From the definition, the numbers $n = 1, 4, 9$ satisfy the required property. Suppose that for some $t \in \mathbb{Z}^+$, the number $n = t^2 \geq 15$ also satisfies the required property. We have two cases: Case 1. If $n$ is a power of $2$ Then $n \in {16, 64}$ as $2^4 + 15 = 31, 2^5 + 15 = 47$, and $2^6 + 15 = 79$ are prime, and $2^7 + 15 = 143 = 11 \cdot 13$ is not a prime power and therefore no higher power of $2$ satisfies the required property. Case 2. Suppose $n$ has some odd prime divisor $p$. If $p > 3$ then $p^2 \mid n$ and $p^2 > 15$ which implies that $p^2$ must be a "nice" number. Hence $p^2 + 15 = q^m$ for some prime $q$ and some $m \in \mathbb{Z}^+$. Since $p$ is odd, then $p^2 + 15$ is even, thus we can conclude that $q = 2$. Or $p^2 + 15 = 2^m$. Considering the above modulo $3$, we can see that $p^2 + 15 \equiv 0, 1 \mod 3$, so $2^m \equiv 1 \mod 3$, and so $m$ is even. Suppose $m = 2k$ for some $k \in \mathbb{Z}^+$. So we have $(2^k-p)(2^k + p)=15$ and $(2^k + p)-(2^k-p)= p \geq 10$. Thus $2^k-p = 1$ and $2^k + p = 15$ giving $p = 7$ and $k = 3$. Thus we can write $n = 4^x \cdot 9^y \cdot 49^z$ for some non-negative integers $x, y, z$. Note that $27$ is not nice, so $27 \nmid n$ and therefore $y \leq 1$. The numbers $18$ and $21$ are also not nice, so similarly, $x, y$ and $y, z$ cannot both positive. Hence, we just need to consider $n = 4^x \cdot 49^z$ with $z \geq 1$. Note that $73$ is not nice, so $z = 1$. By checking directly, we can see that $7^2 + 15 = 2^6, 2 \cdot 7^2+15 = 113, 4 \cdot 7^2+15 = 211$ are nice, but $8 \cdot 7^2$ is not nice, so only $n = 49, 196$ satisfy the required property. Therefore, $n = 1, 4, 9, 16, 49, 64, 196$.

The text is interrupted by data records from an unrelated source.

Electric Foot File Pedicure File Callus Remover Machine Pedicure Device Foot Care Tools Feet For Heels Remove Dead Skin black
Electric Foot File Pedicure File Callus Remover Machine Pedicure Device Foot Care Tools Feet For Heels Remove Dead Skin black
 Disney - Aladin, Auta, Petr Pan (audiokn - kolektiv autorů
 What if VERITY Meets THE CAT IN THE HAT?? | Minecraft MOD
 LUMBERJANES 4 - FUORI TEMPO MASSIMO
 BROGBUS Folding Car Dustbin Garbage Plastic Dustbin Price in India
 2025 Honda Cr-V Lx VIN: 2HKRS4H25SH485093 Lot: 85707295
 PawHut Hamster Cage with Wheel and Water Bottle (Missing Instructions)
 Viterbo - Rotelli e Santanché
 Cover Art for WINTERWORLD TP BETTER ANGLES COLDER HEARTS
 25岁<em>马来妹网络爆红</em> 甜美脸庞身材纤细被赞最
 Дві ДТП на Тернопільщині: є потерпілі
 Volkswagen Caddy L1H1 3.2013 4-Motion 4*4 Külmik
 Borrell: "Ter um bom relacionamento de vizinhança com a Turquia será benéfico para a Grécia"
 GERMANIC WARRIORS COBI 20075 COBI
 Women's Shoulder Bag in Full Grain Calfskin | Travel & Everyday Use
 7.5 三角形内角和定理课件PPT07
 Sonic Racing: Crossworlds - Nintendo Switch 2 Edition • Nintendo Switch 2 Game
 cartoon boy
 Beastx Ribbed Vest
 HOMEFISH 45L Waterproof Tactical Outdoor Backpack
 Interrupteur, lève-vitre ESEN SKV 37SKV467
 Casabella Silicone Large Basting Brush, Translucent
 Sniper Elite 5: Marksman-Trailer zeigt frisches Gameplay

We exclude all numbers <= 15, because they aren't useful here. If n = k^2 is power of 2, then 16 <= k^2 <= 64 as for p=128, p+15 is composite. So 16, 64 sufficient in this case. If k^2 = 2^a3^b form, then clearly 36 must divide k^2 and 36 isn't nice. Now without loss of generality let property be an odd prime greater than 3 dividing n. As above mentioned, we have that n = 4^a9^b49^c. But 21 isn't nice, so either 9 power or 49 power doesnt exist. Also, 36 isn't nice so either 4 power or 9 power doesn't exist. From this,this could mean k^2 is of form 3^n or 4^a49^b. But 3^n leads to no such numbers since 27 is not nice. Observe that 343 is not nice so b = 1 since powers of two was covered already. We had earlier establish that a = 0, 1, 2, 3. So, from this we get that k^2 = 49, 196 are extra solutions since 407 = 49*8+15 is divisible by 11 and 37. @above I believe we need to exclude 1, 4, 9. a > 15 must divide n.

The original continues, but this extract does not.